The math is no more complicated than to take quotients to get frequencies, so you can shortly see for yourself real tests of evolution. If just all science was so easy to access as evolution. 🙂
The implications of Ramsey theory for understanding evolution are interesting, but not particularly useful. There are even simpler demonstrations of order arising from chaos – anyone who rejects those simpler examples that clearly show it’s possible won’t be convinced by more complex examples that show it’s inevitable.
Still, this is pretty neat stuff. It just won’t help with the irrational people.
arXiv:0707.2853 [pdf]
Phase transition in the maximum clique problem: the case of Erdos-Renyi graphs
Authors: Kazuhito Shida
Comments: About 7 pages, 2 tables, 4 figures,
Subjects: Statistical Mechanics (cond-mat.stat-mech)
A phase transition, like the one already found on Boolean satisfiability problem by Kirkpatrick and Selman, is found on max clique problem on ER graphs.

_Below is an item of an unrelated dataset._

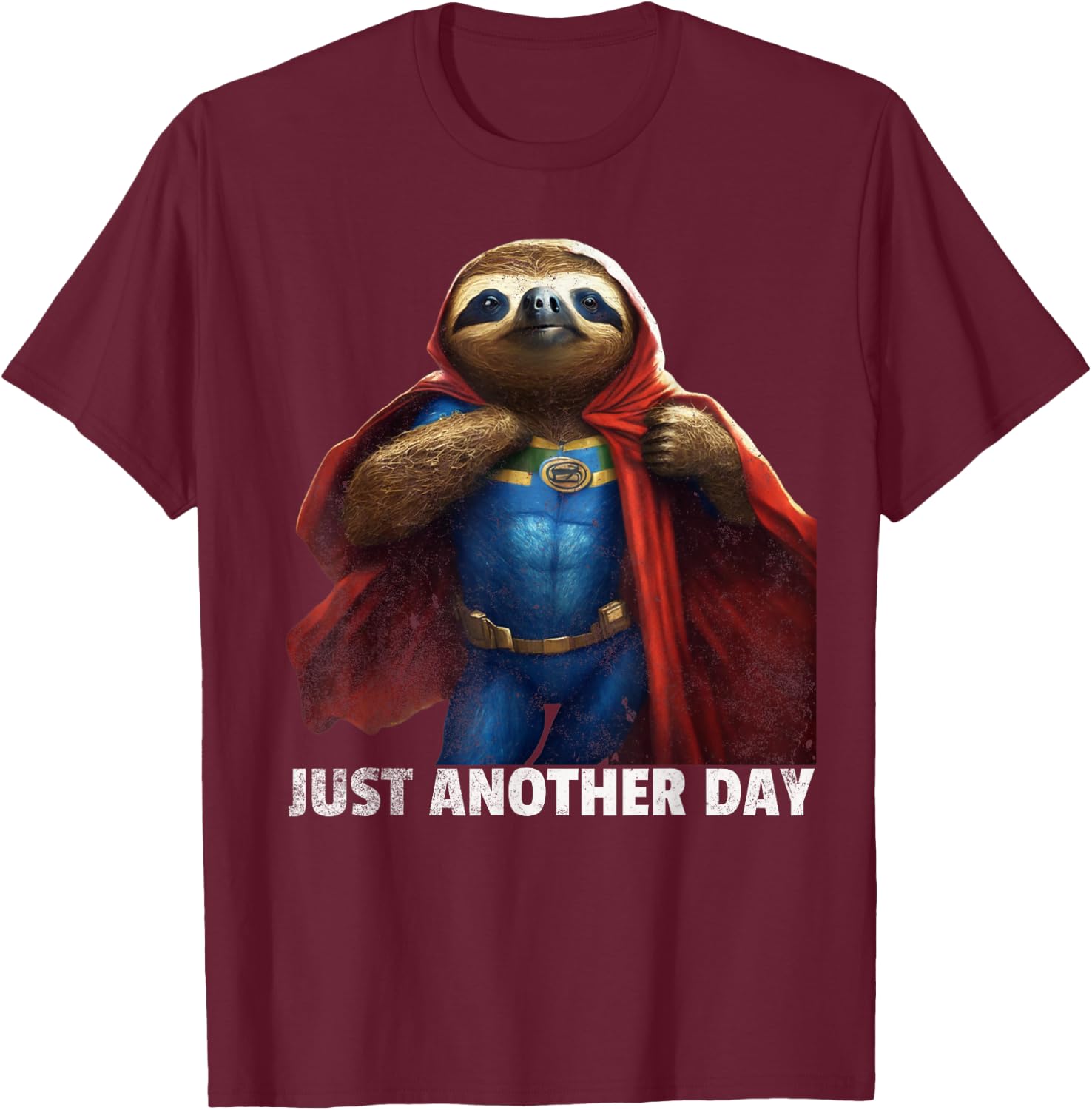 Funny Men's Sloth Flash T-Shirt - T-Shirt | Maroon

Although number of the datapoints is limited, the transition seems to obey finite size scaling. The transition also shows concentration of the graph instances which need particularly large CPU time to solve.
Xanthir (#5): He didn’t say it was all there is to Ramsey Theory, but he did say that the fact that R(3, 3) = 6 is known as Ramsey’s Theorem. It’s not: Ramsey’s Theorem is the substantially more powerful result that I quoted.